Archives quotidiennes : 4 décembre 2021

Pppputains de femelles …

Des Ursula  la Hyène, bombardées juste pour leur bêtise et leur servilité de chiennes, vendues dans tous les trous à tous les Juda de passage, des Merkel qui se sont trompées de sexe, remplies de testostérone jusqu’aux oreilles, bidons à pattes qui fuient les miroirs, des ministresses des armées qu’ont horreur de se mouiller l’escarpin, des Kamala Hariss qui cuvent leur négritude atavique autant que leur laideur, des Hilary cocues partout, partout…et des escadrilles kamikases de journaputes ridicules, toutes filles de foutre, piètres mainates en cage de leur Dieu mec AFP…des Schiappa grotesques, des Fourest venimeuses, des Pécrasse de pochettes surprises, monstrueuses gouinasses qui s’ignorent ou s’assument ..

…effrayant sabbat de sorcières en directe, puant le plumard chaud, les babines dégoulinante du sperme du plus offrant …chevauchant  d’énormes phallus raides comme des balais ..
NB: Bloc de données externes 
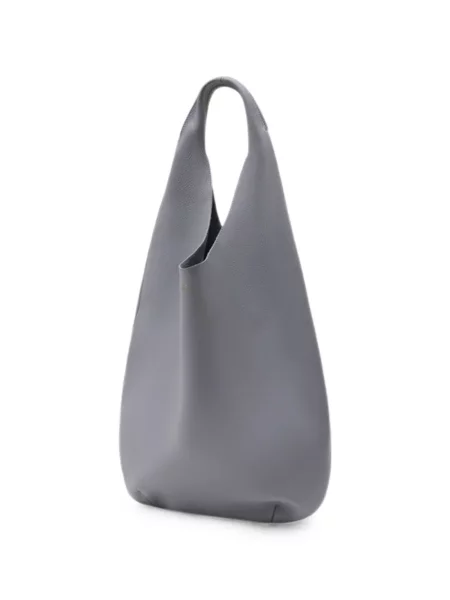 Geantă shopper A.p.c. din piele gri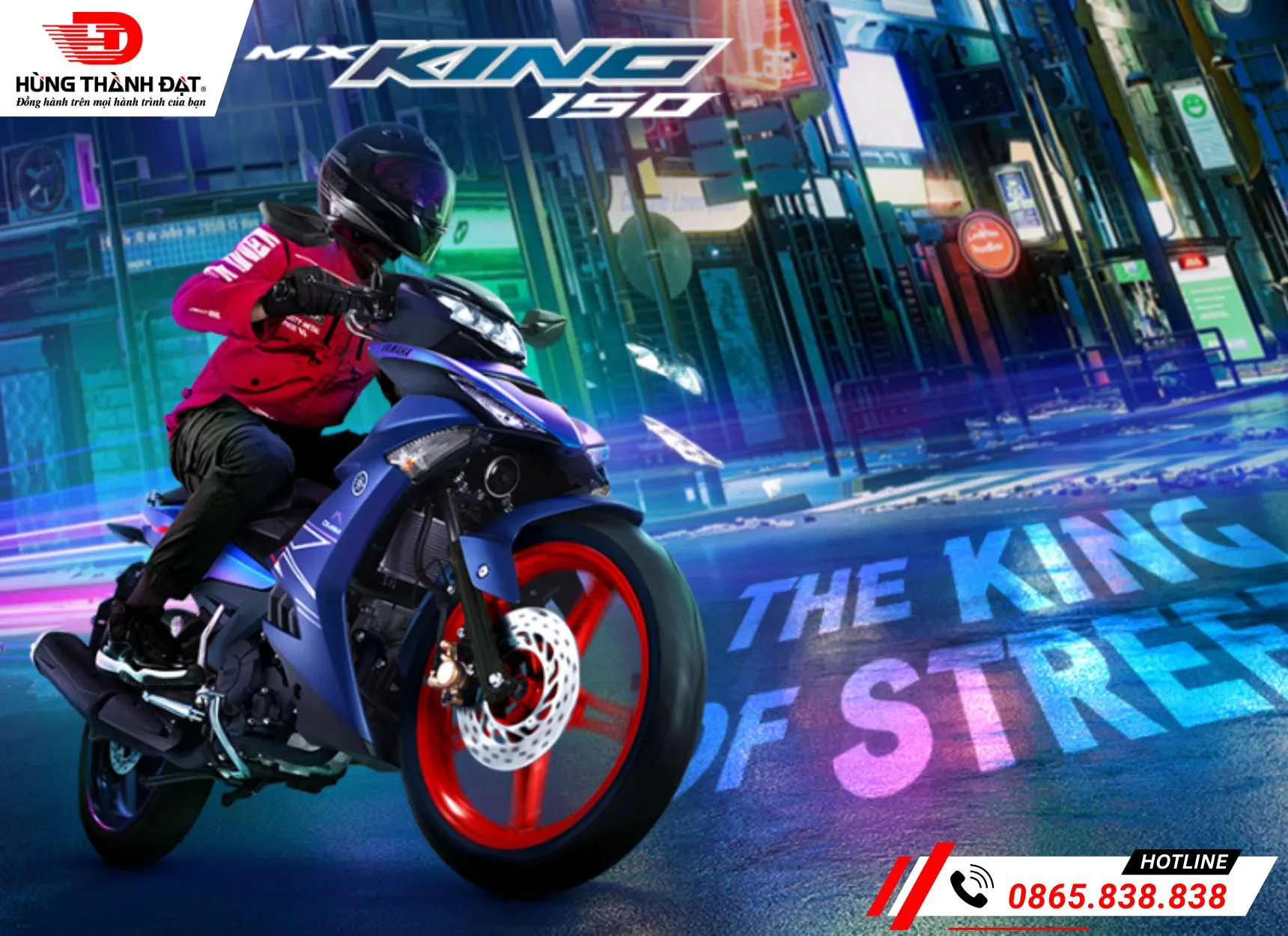 Giá MX King 150 nhập khẩu tốt nhất tại đại lý xe máy Hùng Thành Đạt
 Qui a dit que les Harpies sont mortes ??…elles sillonnent plus que jamais l’ éther, laides, hurlantes, dépoitraillées, traîtresses  aveugles que c’est pas leur faute,  bourreaux handicapés innocents qu’on applaudit quand elles tranchent des cous ….

Je vous déteste et je vous baise et je vous terrasse rien qu’ avec mon stylo …  

Connaissez  – vous ces femmes au regard noir fiévreux caché par leurs cheveux…

Un homme, pas même vieux, parlait dans un congrès.
Il lisait un discours revu et corrigé qui comptait dans sa vie.

La salle était emplie d’hommes très importants, la tempe grisonnante et l’honneur au revers.

L’attention tenait bon comme une note aigüe, prolongée et stridente..
Mais, savez – vous que là ne régnait que silence, que cette voix on ne l’entendait pas…

Ils sentaient une main pénétrer sous leur veste et, entre les boutons des chemises blanchies, glisser des doigts savants en légères caresses sur leur sein frémissant…et puis comme une haleine tiède juste sous leur oreille, dans le creux de leur cou…et un baiser humide se poser sur leurs cils.

Une femme, une seule, pas meme belle, cachée par ses cheveux, avait, par sa seule présence, sali leurs beaux brassards de communiants et volé leurs pensées et damné leur esprit..

Tous luttaient, feignaient, et  les regards, tournés vers le pupitre ne  voyaient  que bouger les lèvres de  l’orateur……..mais   ils n’entendaient rien……rien……rien qu’une musique folle, voluptueuse, sourdre du fond du coin..
Une scie grandissant comme un bruit électrique, croissant à l’infini, leur vrillant les tympans, faisant trembler leurs mains et transpirer leurs fronts jusqu’alors sereins.

Connaissez- vous ces femmes, pas meme belles, cachées par leurs cheveux, qui préfèrent les coins..
Elles diffusent un venin, soyeux, moelleux, magique, ces femmes silencieuses aux regards noirs baissés qui vous tissent des toiles au détour du chemin et vous capturent, comme des araignées…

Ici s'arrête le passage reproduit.